The Executive Committee has chosen to discuss how international cooperation allows the "burden" of displacement to be shared among states. The most significant aspect of burden sharing is undoubtedly the sharing of responsibilities towards uprooted people. The Preamble of the 1951 Convention says that " ... a satisfactory solution of a problem of which the United Nations has recognized the international scope and nature cannot ... be achieved without international cooperation". Let me therefore propose that we explore together ways and means to address and resolve problems of forced displacement through closer international cooperation. The refugee problem is a global one, but what dimension will it have in a world in which "globalization" will soon give a very different meaning to those key features of traditional refugee movements, distances and borders? Should we not prepare ourselves, and counter inward-looking tendencies by developing a global solidarity agenda for the next millennium?

Most importantly, we must clearly reaffirm that international cooperation to resolve refugee problems must be solidly based on protection principles. We often hear that the refugee protection regime is obsolete. On the contrary, I think that it continues to prove its ability to ensure - with some exceptions - that refugees are granted asylum, and that acceptable solutions to their problems are identified.

Asylum remains the cornerstone of refugee protection. I am very worried that in industrialized societies - but, increasingly, also in developing countries - governments adopt more restrictive asylum policies, resorting to a narrower interpretation of refugee law. The focus of legislation dealing with asylum has shifted from protection to control. Indeed, people fleeing violence and persecution are frequently mixed with others seeking economic opportunities.
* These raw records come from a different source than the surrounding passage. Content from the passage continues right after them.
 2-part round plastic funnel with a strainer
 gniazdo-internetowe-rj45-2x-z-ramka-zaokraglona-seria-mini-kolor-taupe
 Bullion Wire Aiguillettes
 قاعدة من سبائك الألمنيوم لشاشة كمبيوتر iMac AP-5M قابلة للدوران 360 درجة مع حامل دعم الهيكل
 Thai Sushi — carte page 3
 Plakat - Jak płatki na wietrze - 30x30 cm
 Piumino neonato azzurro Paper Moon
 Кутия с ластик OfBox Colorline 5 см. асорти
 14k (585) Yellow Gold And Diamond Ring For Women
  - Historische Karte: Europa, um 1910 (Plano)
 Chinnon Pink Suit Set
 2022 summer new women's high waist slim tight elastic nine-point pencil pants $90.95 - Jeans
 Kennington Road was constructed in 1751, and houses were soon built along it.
Sometimes people flee for both reasons. States also tighten border controls in a more than legitimate effort to deal with terrorism and other threats to security. Traffickers in human beings do not discriminate between people with legitimate fear of persecution, people seeking jobs, and those with criminal intent. In some countries, the inability to separate refugees from others, not deserving of protection, has had the catastrophic consequences that we know. Mixed flows, however, do not justify the systematic, sometimes intentional confusion between refugees and others. Migrants seeking work should not present themselves as asylum seekers. Nor should those requesting asylum be presented to public opinion as merely seeking a work permit, or worse, escaping from prosecution rather than persecution. Asylum often is the only tool left to the international community to rescue a life in danger. Let us restore confidence in this essential protection instrument.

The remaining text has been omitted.